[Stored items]
§ §

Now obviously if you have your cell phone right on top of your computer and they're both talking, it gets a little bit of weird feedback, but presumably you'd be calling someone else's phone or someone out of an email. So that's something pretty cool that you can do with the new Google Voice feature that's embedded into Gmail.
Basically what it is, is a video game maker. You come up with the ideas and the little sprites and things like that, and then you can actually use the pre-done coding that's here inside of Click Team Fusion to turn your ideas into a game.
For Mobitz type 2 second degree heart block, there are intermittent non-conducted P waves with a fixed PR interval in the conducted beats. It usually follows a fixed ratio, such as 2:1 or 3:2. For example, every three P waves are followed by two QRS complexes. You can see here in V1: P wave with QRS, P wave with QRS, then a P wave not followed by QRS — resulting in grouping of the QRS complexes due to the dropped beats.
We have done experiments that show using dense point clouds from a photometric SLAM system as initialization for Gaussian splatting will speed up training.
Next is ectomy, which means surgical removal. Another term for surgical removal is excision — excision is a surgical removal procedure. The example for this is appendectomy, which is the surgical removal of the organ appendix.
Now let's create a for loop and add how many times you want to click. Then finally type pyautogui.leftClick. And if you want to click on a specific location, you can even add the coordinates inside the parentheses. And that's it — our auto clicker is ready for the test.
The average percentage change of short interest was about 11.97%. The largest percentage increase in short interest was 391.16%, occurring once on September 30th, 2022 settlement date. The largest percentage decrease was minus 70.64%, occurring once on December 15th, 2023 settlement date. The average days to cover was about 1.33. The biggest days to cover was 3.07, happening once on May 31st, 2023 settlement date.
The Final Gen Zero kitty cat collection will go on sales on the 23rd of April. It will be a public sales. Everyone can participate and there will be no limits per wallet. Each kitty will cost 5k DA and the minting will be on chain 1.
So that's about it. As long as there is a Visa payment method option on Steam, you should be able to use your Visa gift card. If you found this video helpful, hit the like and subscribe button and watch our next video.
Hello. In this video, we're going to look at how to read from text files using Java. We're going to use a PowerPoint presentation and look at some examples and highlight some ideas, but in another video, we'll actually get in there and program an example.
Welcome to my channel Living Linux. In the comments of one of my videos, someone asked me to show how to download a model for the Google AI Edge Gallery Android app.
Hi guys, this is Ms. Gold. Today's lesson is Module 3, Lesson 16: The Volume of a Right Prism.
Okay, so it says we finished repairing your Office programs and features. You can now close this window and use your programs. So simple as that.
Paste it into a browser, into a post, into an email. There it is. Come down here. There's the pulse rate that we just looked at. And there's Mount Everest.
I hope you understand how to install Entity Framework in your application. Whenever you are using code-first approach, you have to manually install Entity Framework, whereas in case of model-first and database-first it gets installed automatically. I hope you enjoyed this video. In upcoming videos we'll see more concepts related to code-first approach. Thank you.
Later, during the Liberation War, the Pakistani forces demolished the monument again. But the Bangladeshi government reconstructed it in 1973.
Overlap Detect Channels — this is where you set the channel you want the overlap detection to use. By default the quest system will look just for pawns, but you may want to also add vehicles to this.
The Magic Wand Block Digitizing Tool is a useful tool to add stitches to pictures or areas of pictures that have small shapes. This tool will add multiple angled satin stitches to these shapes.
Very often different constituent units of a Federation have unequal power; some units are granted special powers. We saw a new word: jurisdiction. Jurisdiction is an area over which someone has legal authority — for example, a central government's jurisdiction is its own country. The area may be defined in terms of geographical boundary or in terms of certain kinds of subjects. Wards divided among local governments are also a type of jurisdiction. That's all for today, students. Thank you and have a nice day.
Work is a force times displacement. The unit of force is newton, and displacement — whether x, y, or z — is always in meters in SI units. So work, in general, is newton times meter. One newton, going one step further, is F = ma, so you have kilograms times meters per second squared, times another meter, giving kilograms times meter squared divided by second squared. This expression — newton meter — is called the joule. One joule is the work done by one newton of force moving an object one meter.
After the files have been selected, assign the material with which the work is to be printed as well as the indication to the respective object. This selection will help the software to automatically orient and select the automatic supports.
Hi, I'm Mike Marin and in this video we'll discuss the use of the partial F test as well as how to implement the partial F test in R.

§ §

Within the records, filter for lines that contain the word "type" and show each one.

For Mobitz type 2 second degree heart block, there are intermittent non-conducted P waves with a fixed PR interval in the conducted beats. It usually follows a fixed ratio, such as 2:1 or 3:2. For example, every three P waves are followed by two QRS complexes. You can see here in V1: P wave with QRS, P wave with QRS, then a P wave not followed by QRS — resulting in grouping of the QRS complexes due to the dropped beats.
Now let's create a for loop and add how many times you want to click. Then finally type pyautogui.leftClick. And if you want to click on a specific location, you can even add the coordinates inside the parentheses. And that's it — our auto clicker is ready for the test.
Very often different constituent units of a Federation have unequal power; some units are granted special powers. We saw a new word: jurisdiction. Jurisdiction is an area over which someone has legal authority — for example, a central government's jurisdiction is its own country. The area may be defined in terms of geographical boundary or in terms of certain kinds of subjects. Wards divided among local governments are also a type of jurisdiction. That's all for today, students. Thank you and have a nice day.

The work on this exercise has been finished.